水城のブースでは、静かな光の渦が彼女の周りに形成されていた。「データライブラリ」を駆使して、複雑な計算式の解析を行っている。彼女の前には緑色の半透明なホログラム画面が浮かび、数式が次々と浮かんでは消えていく。
「解析完了...結果は予想通りです」水城の声は冷静だったが、彼女の目には成功への喜びが確かに宿っていた。「データパターンの一致率98.6%...」
陽斗は思わず感心した。水城の分析力は本物だ。でも、そんな水城の姿を見ていると、自分に何ができるのかという不安が増してくる。

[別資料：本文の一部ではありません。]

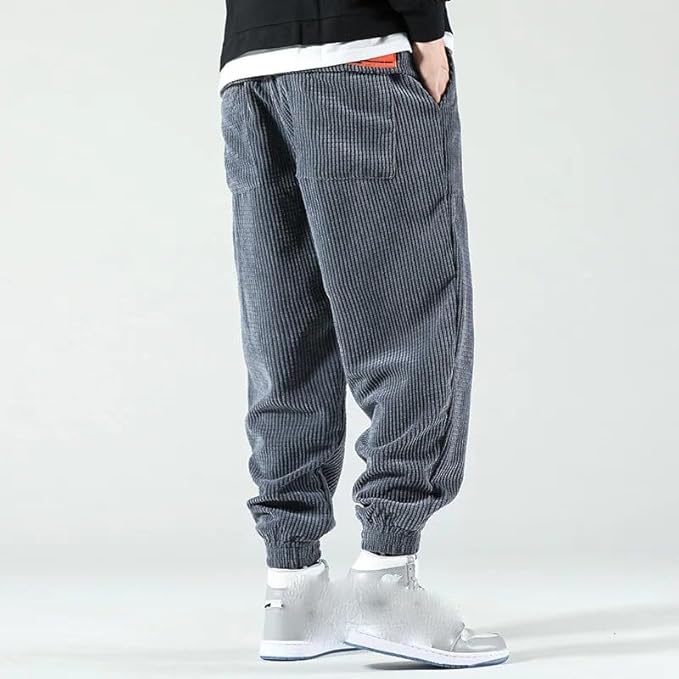 Julian™ | Pantalon streetwear confortable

一方、神崎のブースでは圧倒的な光景が広がっていた。彼の「サイキックコントロール」は、見る者を圧倒する威力と精度で空間を支配していた。金属片が神崎の精神力に操られ、空中で複雑な幾何学模様を形作る。
「これが本物のスキルだ」
神崎の冷たい声が響く。周囲の生徒たちからは感嘆の声が上がる。神崎の瞳が一瞬、紫がかった青に輝く。完璧な制御、圧倒的な力—それが神崎のスキルの特徴だった。

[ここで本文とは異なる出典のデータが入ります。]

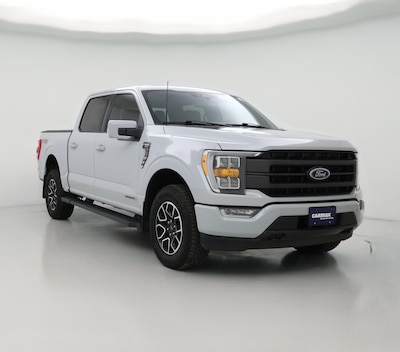 2023 Ford F150 Lariat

九条のブースでは、より繊細なスキルの発動が行われていた。彼女の「マインドウィスパー」は目に見える派手な効果はないが、彼女が話しかけた相手の表情が微妙に変化する。まるで九条の言葉に導かれるように、相手は自然と九条の望む方向へと思考を変えていく。
九条は満足げな表情を浮かべながら、時折神崎の方を見ていた。
「神崎くんのスキルは本当に素晴らしいわね」九条は微笑んだが、その目は冷静に計算していた。「あの力を上手く利用できれば...」
陽斗はその視線の意味を読み取れないまま、自分の番が近づくことへの焦りを感じていた。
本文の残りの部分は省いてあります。